3.   Criminal law -- appellant's claim without merit -- claimed
     error never occurred. -- Where the appellee's amended
     information charged appellant with one count of capital murder
     but alleged both premeditated and deliberated murder "and"
     capital felony murder while committing robbery and burglary,
     appellant claimed the charges prevented the separation of
     evidentiary objections and rulings during trial; this argument
     was summarily disposed of because appellant failed to point to
     any incidence at trial where he was denied making an objection
     or was unable to obtain a ruling.  

4.   Criminal law -- amended information did not change nature or
     degree of crime charged -- appellant's argument without merit.
     -- Appellant's contention that the appellee's amended
     information increased the nature and degree of his offense was
     without merit; an amended information adding premeditated and
     deliberated capital murder does not change the nature or
     degree of the crime charged; here appellant failed to show how
     the outcome of his trial would have been different had the
     prosecutor been forced to elect between the capital murder
     crimes. 

5.   Criminal law -- information signed by deputy prosecutor valid
     -- first amended information had no effect on three properly
     filed subsequent amendments. -- Appellant's contention that
     the appellee's fourth amended information charging him with
     capital murder was invalid and should have been quashed
     because a deputy prosecutor had previously signed the first
     amended information in the name of the prosecutor but without
     the prosecutor's consent, thereby nullifying the trial court's
     subject-matter jurisdiction, was meritless; subject-matter
     jurisdiction is determined from the pleadings; here, the
     record clearly reflected a properly signed amended information
     giving the trial court jurisdiction; also, aside from his
     jurisdiction argument, appellant gave no citations of
     authority or sound argument why the appellee's first amended
     information should taint the three subsequent amendments
     properly filed in this case.

6.   Jury -- giving of erroneous instruction -- showing of
     prejudice not required. -- In cases involving a trial court's
     giving of an erroneous instruction involving the trial
     mechanism to be used in deciding either a civil or criminal
     case, the appellant is not required to demonstrate prejudice;
     however, an appellee may still demonstrate that the giving of
     an erroneous instruction was harmless. 
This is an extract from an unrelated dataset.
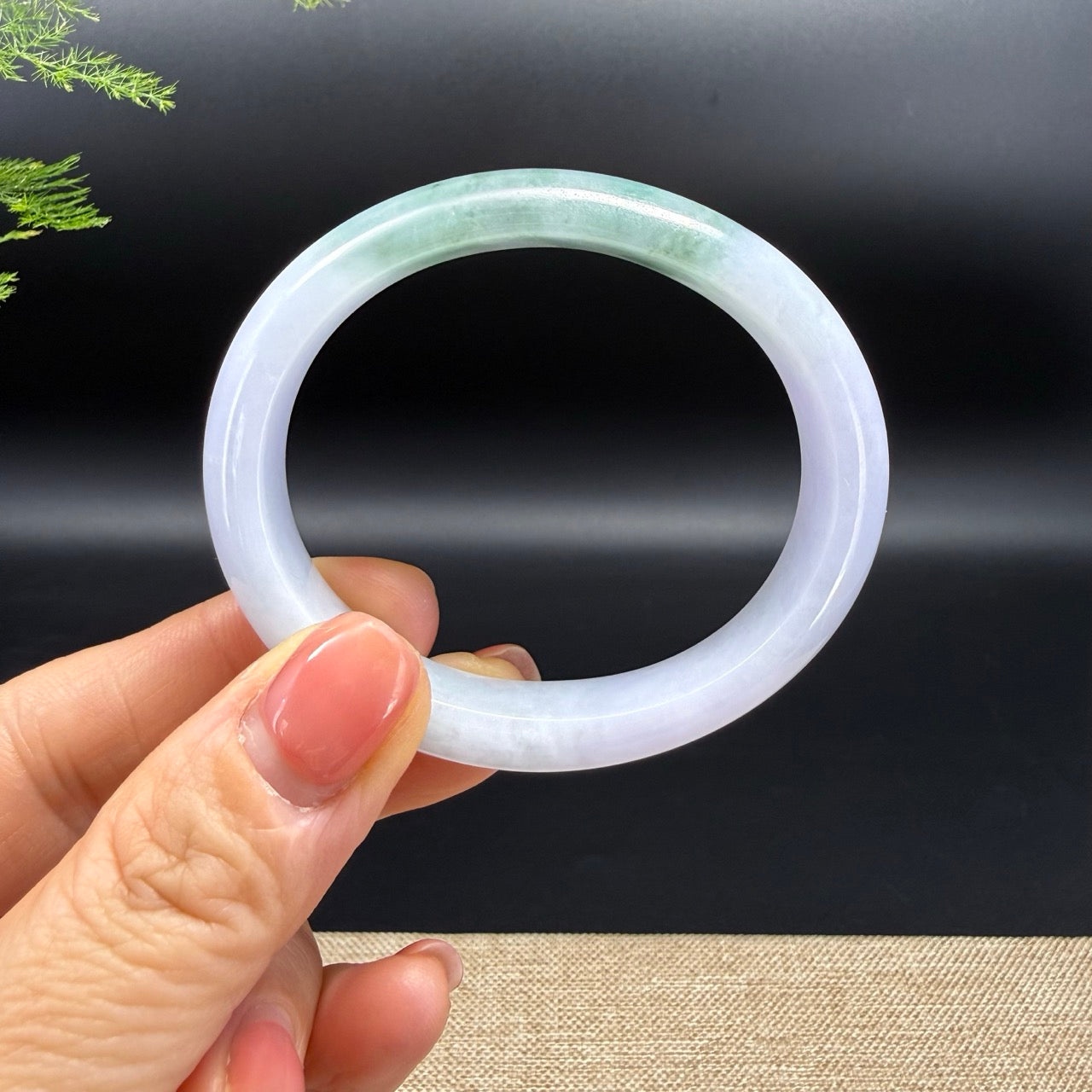 The bangle shape of the oval half round.The bangle color is pink green.
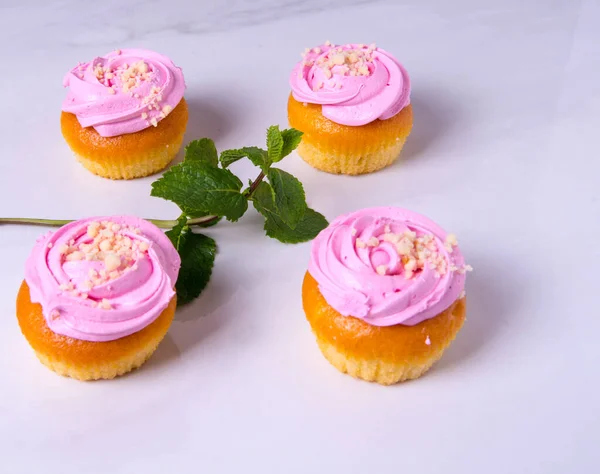 Bellissimi Muffin Rosa Torte Con Rametto Menta Uno Sfondo Leggero — Foto Stock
7.   Jury -- giving of erroneous instruction -- determination as to
     whether reversible error occurred. -- In determining whether
     reversible error resulted in giving an erroneous instruction
     omitting one element of the government's burden of proof, it
     is important to review an allegedly faulty jury instruction in
     context with the entire jury charge and the entire trial;  
     other proper jury instructions and the context of the whole
     trial may correct any error in the isolated erroneous
     instruction, and thus the jury charge as a whole properly
     conveys the government's burden to the jury. 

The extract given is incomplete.